No pictures go in the copy; retype exactly the lines from the one with "Ehemann Papa Gleitschirm" through the last line of the records.

+++ INPUT RECORDS +++

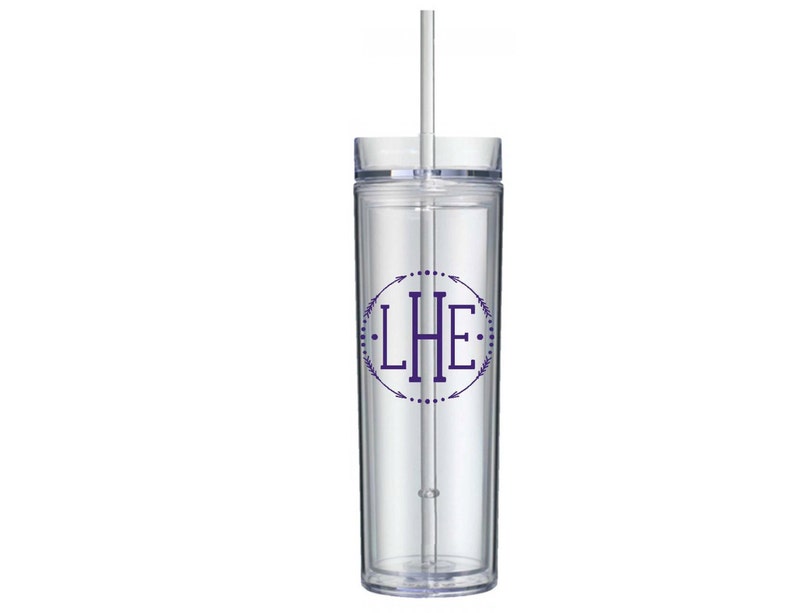 Monogram Cup, Personalized Monogram Tumbler, Monogram Tumbler, Skinny Tumbler, Arrow Monogram Tumbler, Personalized Drinking Cup, Bridesmaid image 4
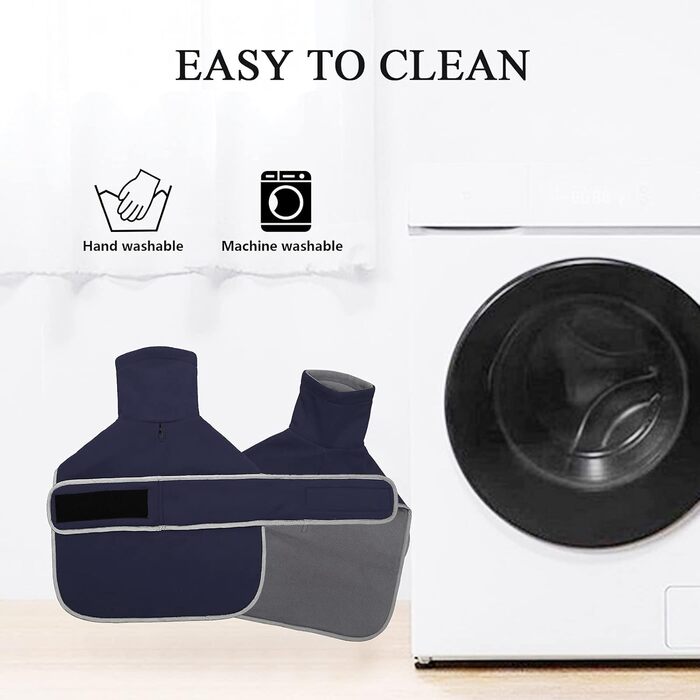 MOREZI Зимова куртка для собак, утеплена флісовою підкладкою, з регульованою застібкою-липучкою та відкидним коміром. Підходить для такс та собак середніх розмірів, колір: темно-синій, розмір S (довжина спини: 36-38 см)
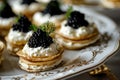 Elegant Blini Canapes with Caviar, Gourmet Appetizer Concept Royalty Free Stock Photo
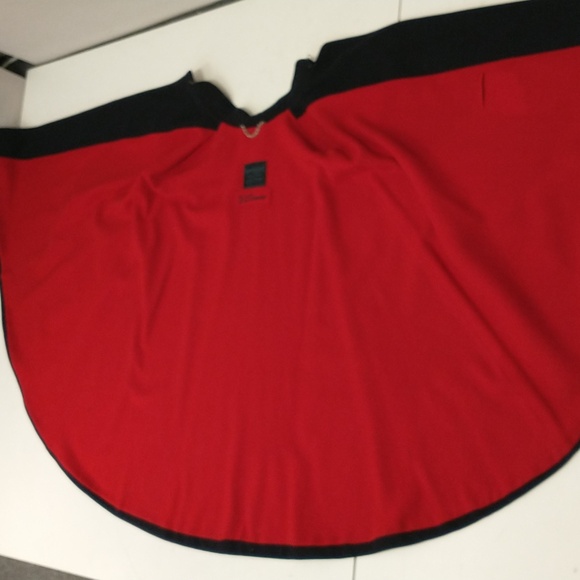 Vintage Wool Cape Navy Blue w Red Lining Nurse w Trim Cover Quality moth damage - Picture 12 of 16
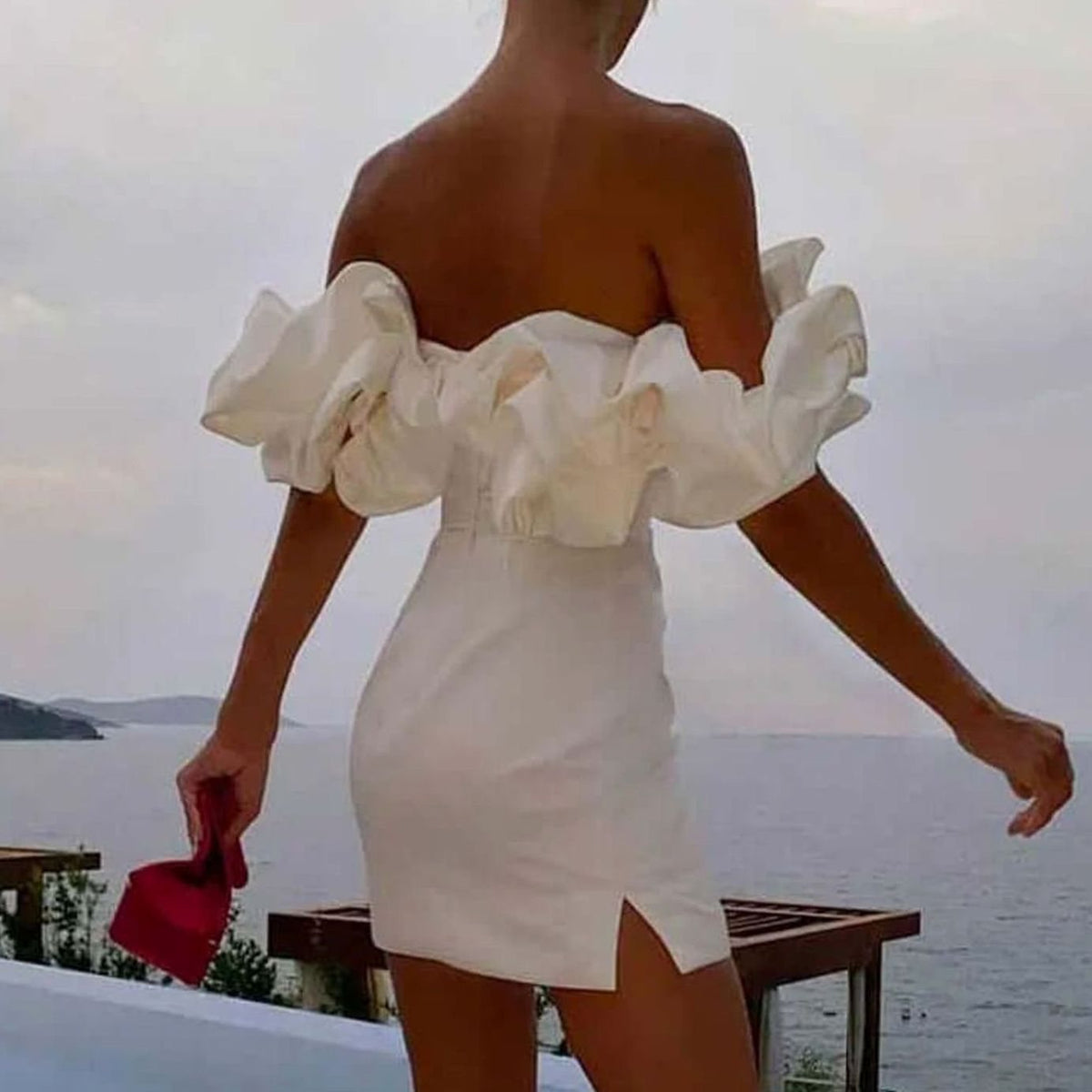 Women's Ruffle Off-Shoulder Fitted Mini Cocktail Dress, White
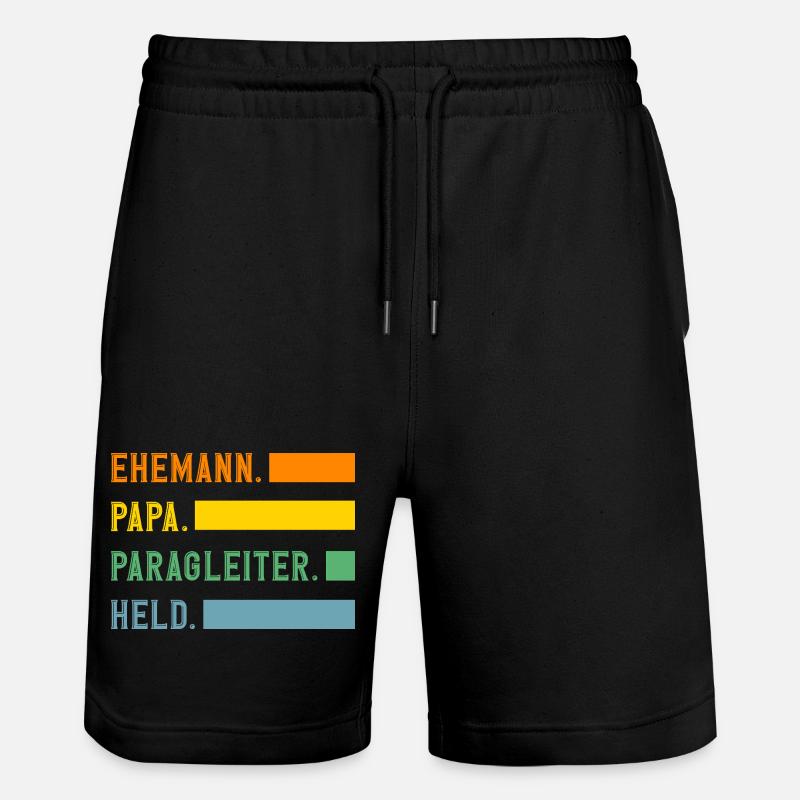 Ehemann Papa Gleitschirm Abenteuer Paragliding - Stanley/Stella Unisex Bio Joggingshorts Trainer  - Schwarz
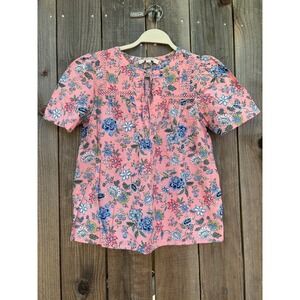 LOFT Floral Print Top‎ Crochet Trim Keyhole Neck Short Sleeve Blouse S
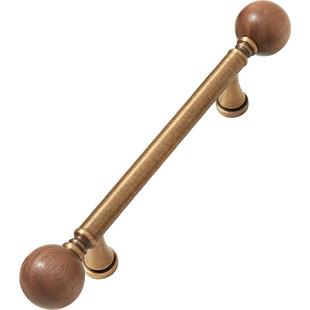 中古风黄铜拉手胡桃木抽屉衣柜门橱柜现代简约厨房古铜色圆球把手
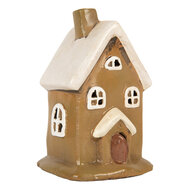 Clayre &amp; Eef | Decoratie Huisje Bruin Beige 10x10x16 cm | 6CE2195
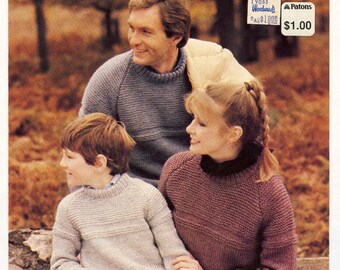 PDF Vintage Patons Beehive Chunky 1955 Knitting Pattern, Unisex Country Choice Pullover Sweater for Men Women Children Family, High Collar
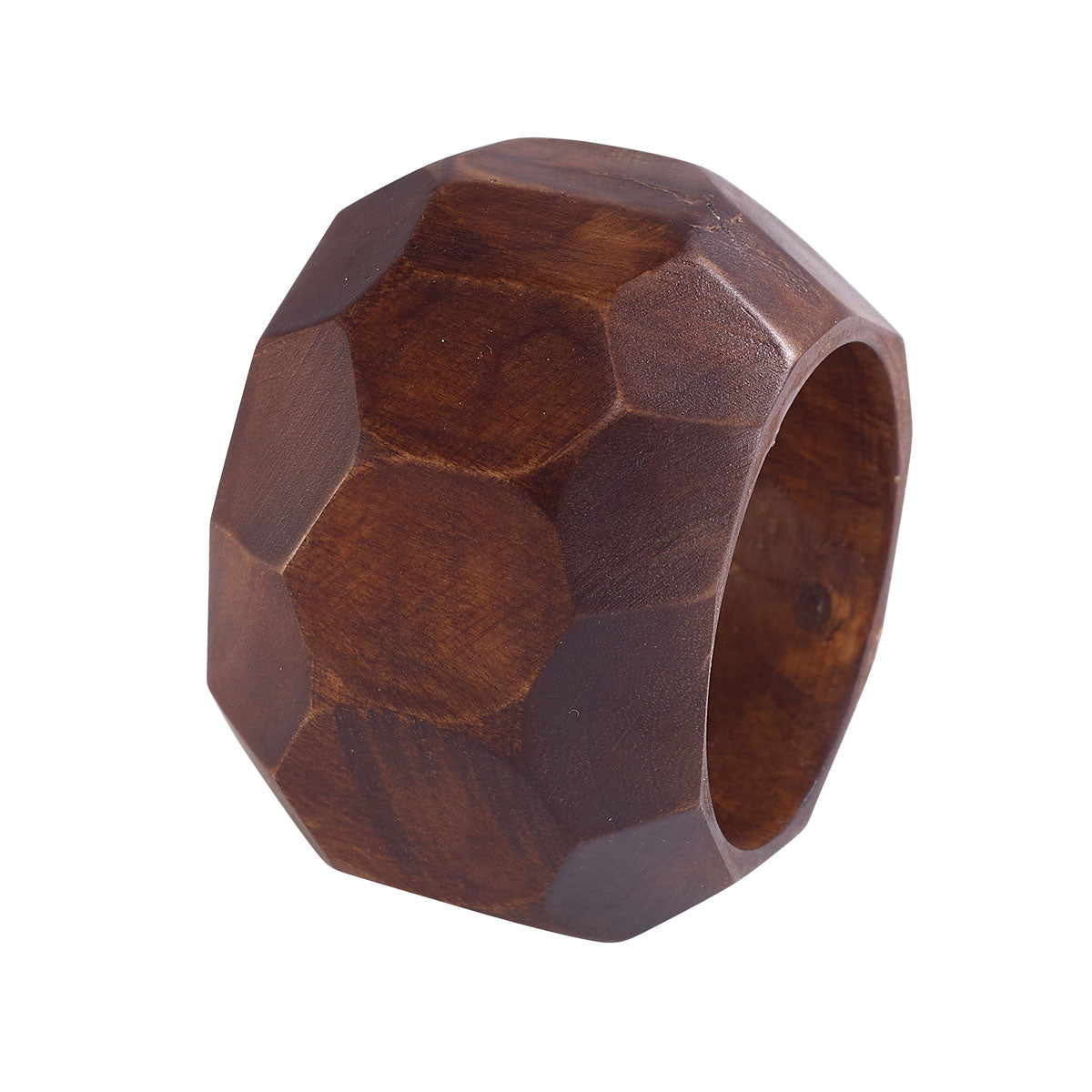 Faceted Wood Natural Napkin Ring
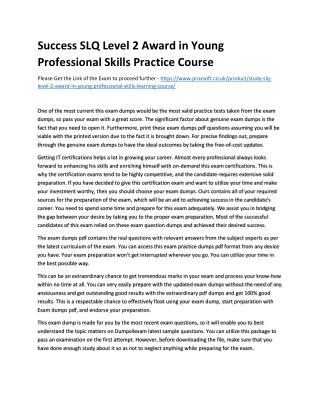 Success SLQ Level 2 Award in Young Professional Skills Practice Course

+++

## EXERCISE RESPONSE
 Ehemann Papa Gleitschirm Abenteuer Paragliding - Stanley/Stella Unisex Bio Joggingshorts Trainer  - Schwarz
 LOFT Floral Print Top‎ Crochet Trim Keyhole Neck Short Sleeve Blouse S
 中古风黄铜拉手胡桃木抽屉衣柜门橱柜现代简约厨房古铜色圆球把手
 Clayre &amp; Eef | Decoratie Huisje Bruin Beige 10x10x16 cm | 6CE2195
 PDF Vintage Patons Beehive Chunky 1955 Knitting Pattern, Unisex Country Choice Pullover Sweater for Men Women Children Family, High Collar
 Faceted Wood Natural Napkin Ring
 Success SLQ Level 2 Award in Young Professional Skills Practice Course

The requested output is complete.